Ela afirmou que os trabalhos iniciais se concentraram na criação de conselho gestor, conjuntamente com o Parna Pico da Neblina. Contudo, os trabalhos de formação do conselho gestor estão interrompidos justamente em função dos questionamentos da Hutukara e da última assembléia dos yanomami.
Segundo Keuris, o Parna Pico da Neblina, por não ter os trabalhos interrompidos, formou seu conselho gestor em 2012 com a participação de lideranças indígenas como membros,
“Todos os documentos recebidos foram enviados para a sede do ICMBio, em Brasília, onde se encontra aberto um processo para análise do pedido de desafetação da unidade.
Ressalto que as atividades de fiscalização continuam nas áreas fora de sobreposição”, disse.
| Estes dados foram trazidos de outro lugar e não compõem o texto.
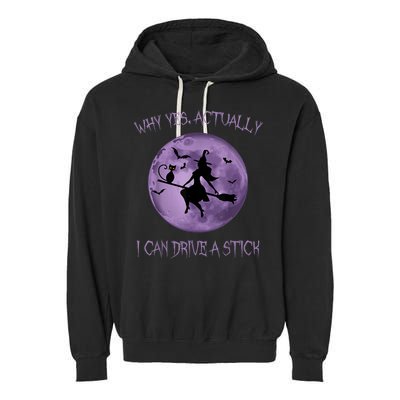 Yes Actually I Can Drive A Stick Halloween 2022 Garment-Dyed Fleece Hoodie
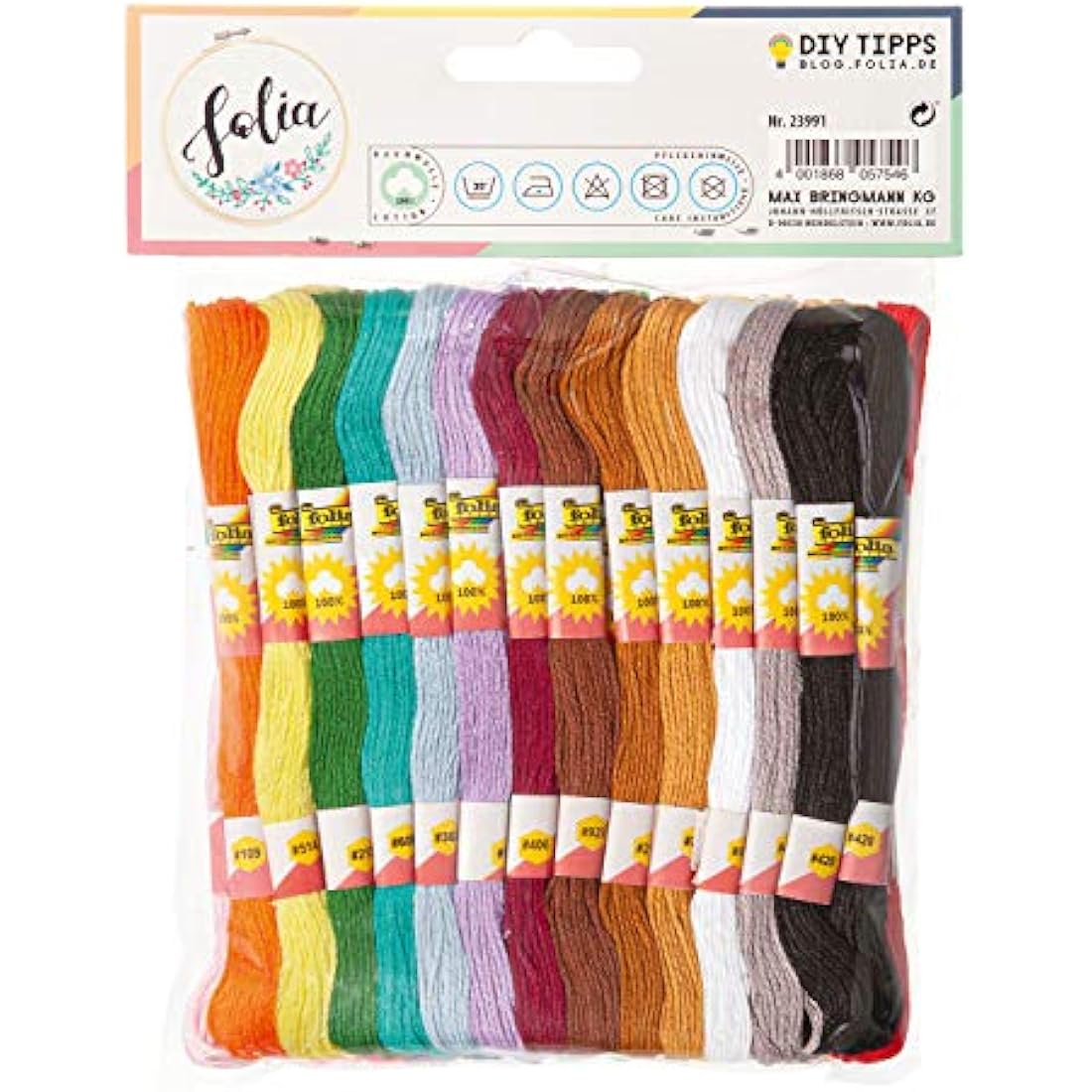 Work in Hand Embroidery Thread KALEIDO 52 skeins à 8 m (26 Colours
A assessoria de comunicação do ICMBio, em Brasília, também foi contatada nesta quarta-feira mas até o término desta matéria não retornou ao pedido de informação.
Já a assessoria de imprensa da SDS respondeu, por meio de nota, que o Parest Serra do Aracá foi criado em março de 1990 (Decreto no. 12836) com uma área de 1.800 milhões de hectares.
Na nota, a SDS diz que o plano de gestão encontra-se em fase final de elaboração. A consulta pública foi realizada em dezembro de 2010.
“Ressaltamos que a implementação das unidades de conservação se dá através desse documento técnico, onde no Estado do Amazonas, 80% das UCs são de Uso Sustentável, sendo estas as áreas consideradas prioritárias, tendo em vista que ali residem e fazem uso cerca de 10 mil famílias. O Parest Serra do Aracá, pertence a categoria de Proteção Integral e, desde a sua criação, as terras indígenas ali existentes foram reconhecidas pelo Estado do Amazonas”, diz trecho da noite.
A SDS diz ainda que durante o processo de elaboração do Plano de Gestão, as populações indígenas e representantes, inclusive, a Associação Hutukara Yanomami, participaram ativamente sendo recebidos pelo corpo técnico do Ceuc e participando de reuniões neste Centro.
O órgão confirma que a Hutukara protocolou o pedido de revisão e diz que o documento está incluído no processo do Plano de Gestão e será fundamental para a redelimitação das áreas.
“A SDS reconhece a legitimidade do pedido de exclusão das áreas indígenas que representam aproximadamente 83% do Parest. A solicitação da Associação Hutukara Yanomami, bem como das demais associações, é legítima. Certamente esse pleito será apreciado pelo Comitê Técnico que a SDS vai criar no mês de outubro”, diz.
O Comitê vai contar com órgãos como Fundação Nacional do Índio (Funai), Procuradoria Geral do Estado, entre outros, além da própria Hutuara.